• What you need to do:
Write out the listing below in its entirety, minus the pictures, without changing a word.

• Stored data:

· · · ·

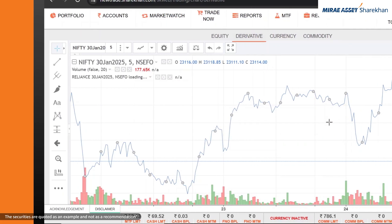Volume settings: customize volume settings by clicking here to choose the type of volume display you prefer.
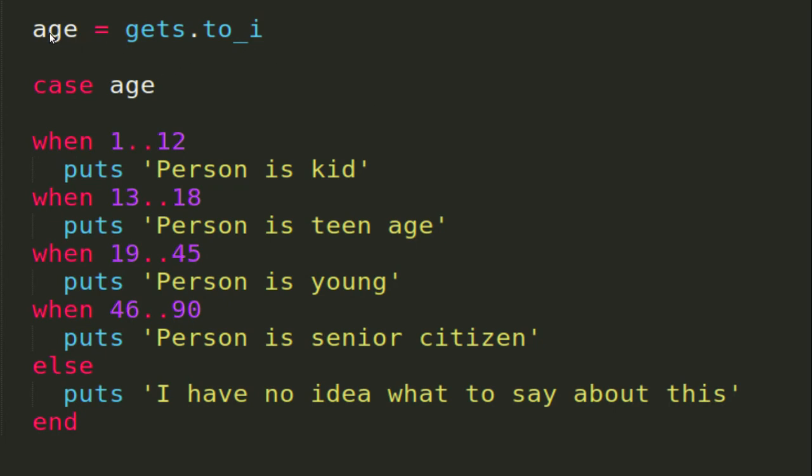Here you can see that I have a variable age into which I am getting input from the user. I'm providing this age as a target statement to the case, and these ranges in the when statement are the comparison expressions or comparison statements.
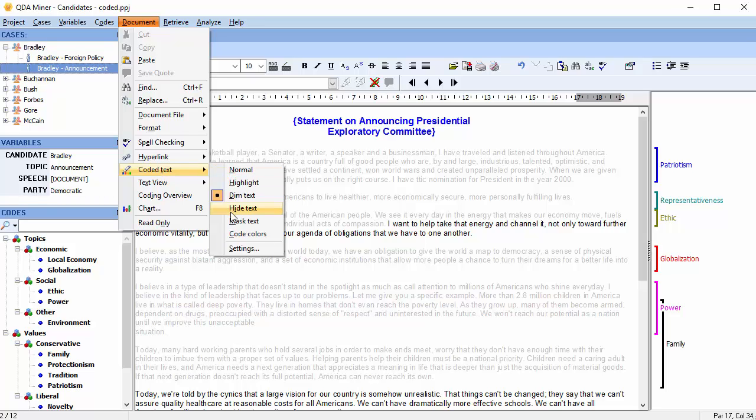With hide text, coded text becomes white, so it essentially disappears, allowing you to focus exclusively on the un-coded text segments.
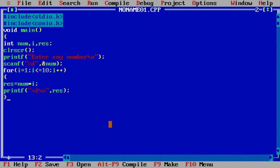Then i's value becomes 2, next calculation 5 into 2, for i equals to 3, 5 into 3, and so on. At the end you will get multiplication table. We will use getch to hold the screen for output.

· · · ·

• Your solution:
Volume settings: customize volume settings by clicking here to choose the type of volume display you prefer.
Here you can see that I have a variable age into which I am getting input from the user. I'm providing this age as a target statement to the case, and these ranges in the when statement are the comparison expressions or comparison statements.
With hide text, coded text becomes white, so it essentially disappears, allowing you to focus exclusively on the un-coded text segments.
Then i's value becomes 2, next calculation 5 into 2, for i equals to 3, 5 into 3, and so on. At the end you will get multiplication table. We will use getch to hold the screen for output.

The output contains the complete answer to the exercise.